Also known as Roy Hefferman
By Graeme Cameron
Wrestling Heritage welcomes memories, further information and corrections.

Roy Heffernan made his debut at Sydney’s Leichhardt Stadium in 1948, travelling the well-worn path from bodybuilding to wrestling. It wasn’t long before the globe-trotting bug bit.
By the time he reached the UK in 1953, he had already appeared in New Zealand, Singapore, India and Pakistan.
Roy followed his first UK stint with tournaments in Germany, then he worked in South Africa before eventually returning to the UK in 1955. The 1953 tour had been mainly in Northern England but when he returned in 1955 he travelled more extensively. Opponents included Jack Pye, Dave Armstrong and a Royal Albert Hall bout with the German Hermann Iffland.
He is of course best known for his partnership with fellow Aussie Al Costello as The Fabulous Kangaroos in North America. Uniting in the Stampede promotion in Canada the villainous pair, guided by manager Wild Red Berry, rose to the top of the tag team division.
Wearing their Australian military slouch hats and jackets, carrying souvenir boomerangs and led to ring by Berry carrying the Australian flags. American fans had not seen anything like them before.
They captured sixteen titles, appeared in numerous main events and twice sold out Madison Square Garden against Argentina Rocca and Miguel Perez.
They are regarded as one of, if not THE greatest tag teams in history. Roy returned to Australia in 1965, having a brief success as a main event villain before serving out the rest of his career as an undercard blue-eye.
Demoted, quite wrongly in some eyes, to a preliminary worker Roy was required to do his duty when facing American visitors. He received marginally more respect than other Aussies. His hand was usually
raised against other locals and occasionally against Americans who had
failed to live up to expectations or were about to leave the country.

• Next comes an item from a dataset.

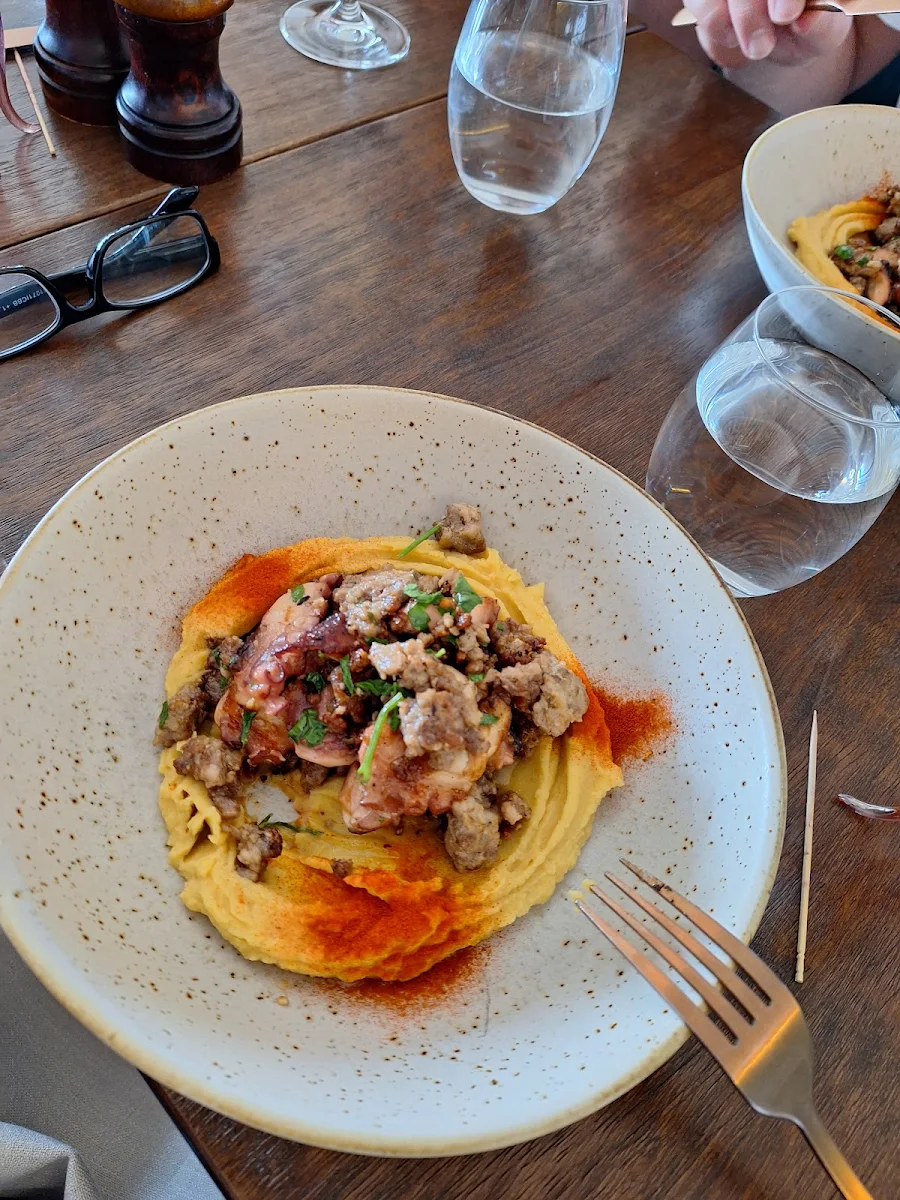 Polpo, Buono Restaurant & Bar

Most of the time he did his duty for the big names, the same as other Aussies. He was used as the measuring stick for new American arrivals.
He retired at the end of 1972 and transitioned into refereeing for WCW and on the club circuit. He made a brief comeback in 1973 and opened an independent clubs promotion in 1975.
Roy Heffernan died of heart failure on 24th September, 1967.